Infinir é uma forma distinta de ver/reconhecer, e de considerar, aquilo que pode ser enxergado, partindo da avaliação dos mecanismos, meios e formas de observar alguma manifestação daquele Mundo que nos rodeia. Infinir é, em segundo termo, uma forma de pôr em movimento aquilo que desejamos descrever (Holbraad, 2015, 131). É uma tecnologia sobre como intervir, sobre como fazer parte de uma descrição para que a mesma, a priori, não acabe com o movimento que um fenômeno x apresenta para nós. Toda observação é uma intervenção e aquela prática não tem que fechar os nossos sentidos, pelo contrário. A descrição tem que apresentar para nós, ou pelo menos tentar apresentar, as relações que acontecem/que fazem parte do entramado que sustenta os fenômenos sociais ameríndios para, a partir dela, poder pensar na ação mútua que tem lugar entre quem realiza uma ação - com uma intencionalidade determinada - e quem experimenta sobre si mesmo aquela ação, gerando como resultado uma transformação mútua. Uma mudança de sentido que acontece sobre pessoas, espaços, plantas e animais, assim como não-humanos, a partir das interconexões que podemos verificar no devir de uma prática cotidiana, ou bem atípica, mas que responde a uma necessidade, sobre a qual atuam os Saberes Indígenas. Portanto, podemos considerar os Saberes Indígenas como uma reflexão ontológica que visa explicar o seu lugar (o lugar deles) - e o lugar dos outros -, e as relações com o Mundo.

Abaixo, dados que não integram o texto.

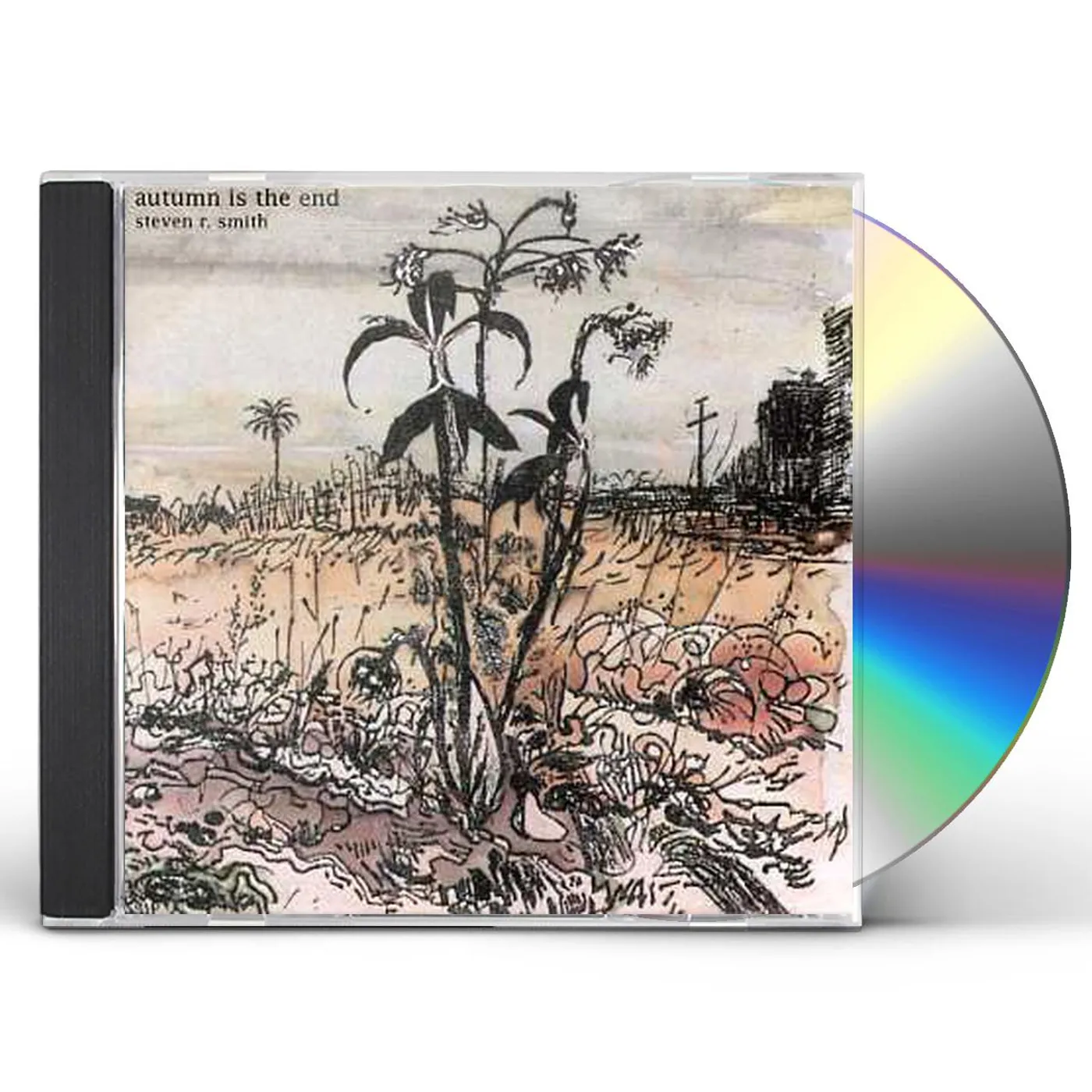 Steven R. Smith AUTUMN IS THE END CD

Os Saberes Indígenas, para serem abordados de melhor modo, devem levar em consideração a indicação de Daniel Munduruku sobre a necessidade de "esclarecer um pouco sobre o conhecimento indígena da natureza para, em seguida, dizer algo sobre a natureza do conhecimento indígena" (2020, 71), formulação que não se trata de um trava-línguas. Pelo contrário, trata-se de uma indicação de sentido sobre a relação existente, existencial e iniludível entre Natureza e Pessoa. Relação essa mediada pelo corpo e pelas imagens - o duplo do qual fala a Antropologia -, as mesmas que permitem conhecer tudo aquilo que existe. Portanto, os Saberes Indígenas só podem ser compreendidos como uma interação constante entre a Natureza e os sujeitos; uma interação que, no caso de ser dividida ou fatiada em porções, tal como nós consideramos os saberes e conhecimentos, v. g. sociais, econômicos, etc., perderia todo sentido, dado que para as populações ameríndias tudo está conectado entre si. O resultado dessa interconexão/ação é que os Saberes Indígenas são dinâmicos, pois acompanham os movimentos da Natureza, e são portadores de uma capacidade enorme para detectar anomalias nela. A observação dos ciclos naturais, durante milênios, configurou uma base de dados ampla demais que torna possível identificar, rapidamente, aqueles fatores que atrapalham as relações das quais falávamos anteriormente. Uma configuração histórica da qual partem as ações que visam alcançar um equilíbrio ou afetar as partes envolvidas. Os Saberes, então, são parte de uma Memória dinâmica que não se replica a si mesma - não é autopoiética. Se trata de uma Memória, de um saber-fazer, que disponibiliza todos os seus recursos para poder atuar. Os Saberes Indígenas são uma forma de estar – atuar no Mundo.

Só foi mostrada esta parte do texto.